* _GIVEN RECORDS_:
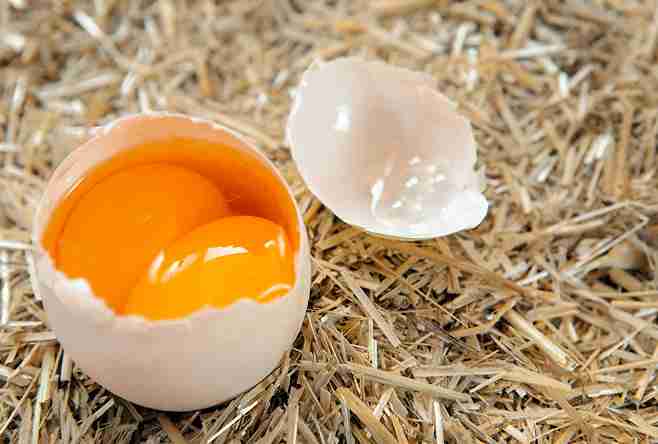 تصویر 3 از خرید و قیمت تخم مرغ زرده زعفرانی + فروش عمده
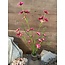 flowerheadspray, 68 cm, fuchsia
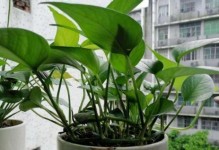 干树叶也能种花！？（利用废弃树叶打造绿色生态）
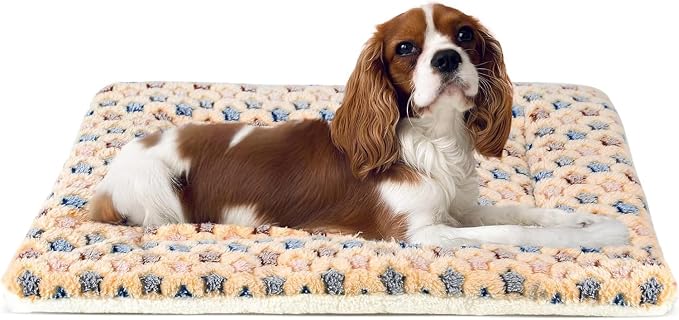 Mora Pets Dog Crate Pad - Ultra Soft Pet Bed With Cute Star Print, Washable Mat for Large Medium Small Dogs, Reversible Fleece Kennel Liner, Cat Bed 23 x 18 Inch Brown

==

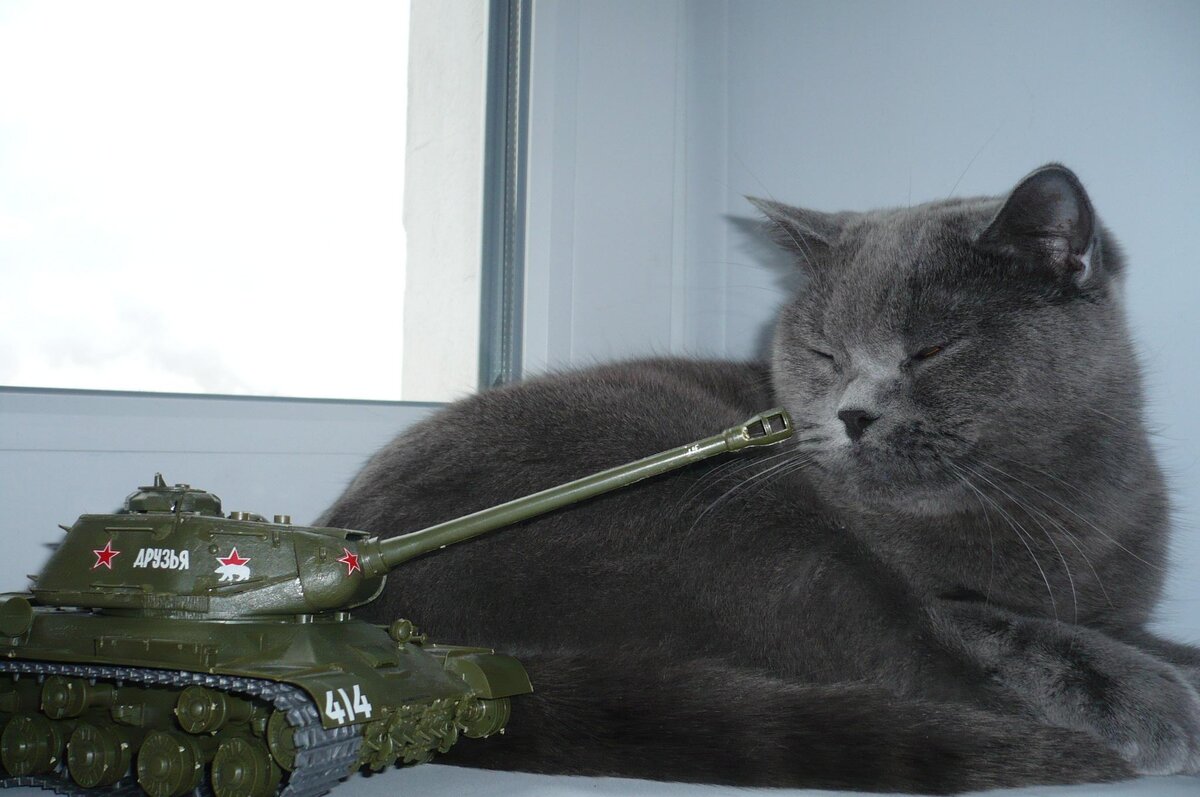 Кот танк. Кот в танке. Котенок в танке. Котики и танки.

...

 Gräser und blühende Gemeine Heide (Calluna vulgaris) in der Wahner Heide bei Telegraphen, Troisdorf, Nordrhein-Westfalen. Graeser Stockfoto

* _TASK BRIEF_: What you write must match the listing exactly, from the line with "تصویر 3 از خرید" up to and including the line with "干树叶也能种花！？（利用废弃树叶打造绿色生态）". Pictures stay out.

* _TASK RESPONSE_:
 تصویر 3 از خرید و قیمت تخم مرغ زرده زعفرانی + فروش عمده
 flowerheadspray, 68 cm, fuchsia
 干树叶也能种花！？（利用废弃树叶打造绿色生态）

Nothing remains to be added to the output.